There are also regulatory restrictions covering the maximum power that can be transmitted on a given channel. However, such information is (ideally!) contained in the beacon frames sent out by an access point, so if we know what channels to listen on we might be able to determine it at runtime.
Some cards are manufactured only in certain countries, and/or do not support generic setting of frequency and power. This is especially the case with 802.11b/g cards, which usually restrict one to the defined 2.4GHz channels.
802.11b supports speeds up to 11Mbps and 802.11a/g up to 54Mbps, but the faster you transmit, the more likely errors become in a suboptimal RF environment. It often produces much better throughput to transmit at a lower speed that has a greater likelihood of getting all bits through to the destination. Speed is generally controlled by software; we need to see how many packets are getting dropped (un-ACKed), and adjust our speed accordingly. There are good algorithms (the Linux driver uses one called “minstrel”) available to do this.
In order to prevent every node from trying to transmit at the same time, each frame has embedded in it a field marking a dead-time period to be enforced after it is received, by all nodes except the receiving one. For instance, when sending a fragment, you set “duration” to the amount of time it will take to send the return ACK and the sending next fragment, to make sure all fragments can get through at once without competition.
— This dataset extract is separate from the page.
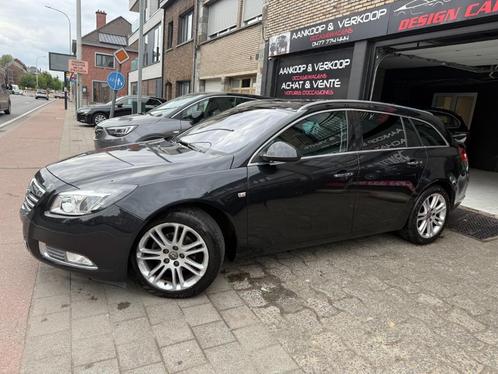 Opel Insigna 2.0Cdti Automaat Navi Xenon Panorama Leder, Auto's, Opel, Bedrijf, Insignia, ABS, Airbags, Boordcomputer, Centrale vergrendeling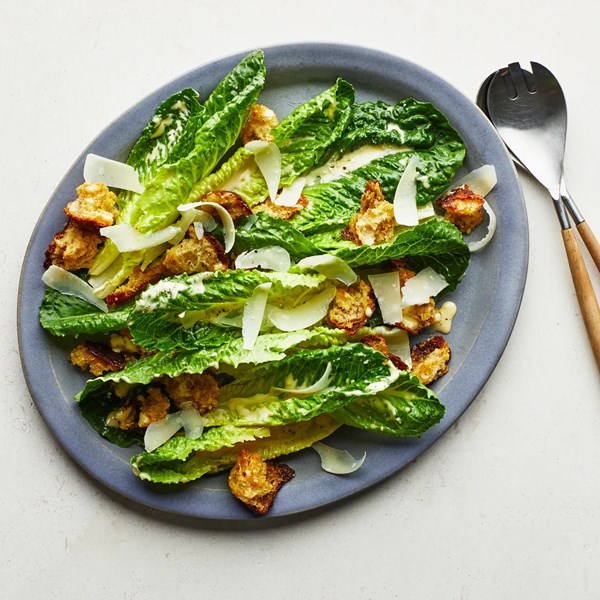 Classic Caesar salad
While the NIC interprets received durations in hardware, software must know enough about the transmission modes to set the duration field properly in frames it sends.
IEEE 802.11 networks can be organized in two ways: a “managed” mode, where all traffic to the network goes through an Access Point (AP) that manages authentication as well, and an “ad-hoc” mode, where nodes communicate directly with each other. The two modes of operation are called ESS and IBSS respectively in the specification.
Over the RF link maintained by the physical layer, software sends frames to transmit data and manage network state. There are three types of frames: control, management, and data.
Control frames are used for low-level network control; for instance, before starting a transmit operation you can send an RTS and wait to receive a CTS from the recipient [you can also send a CTS to yourself if the transmission will take place at nonstandard speed]. Every data and management frame must be ACK'ed to show that it was received; non-ACK'ed frames are retransmitted. (The possibility that the ACK was lost instead of the frame forces software-level elimination of duplicate frames.)
In general, control frames are all handled by hardware; the software 802.11 layer doesn't need to RTS or CTS or ACK or retransmit. We hope.
Tests I've performed on some high-traffic live wireless networks [my school] show that the norm is for RTS/CTS not to be used at all. Cards have built-in activity sensing that makes it mostly unnecessary. The newest Linux wireless stack doesn't even have code for doing flow control in software.
Management frames are used to manage associations with the network.
The specific types are detailed below, but the generall association process is as such:
Unlike most Ethernet headers, the 802.11 frame header does not have a protocol type field. This is provided by an 8-byte LLC header at the start of the MAC-encapsulated packet; amongst a lot of superfluous information is the 2-byte EtherType.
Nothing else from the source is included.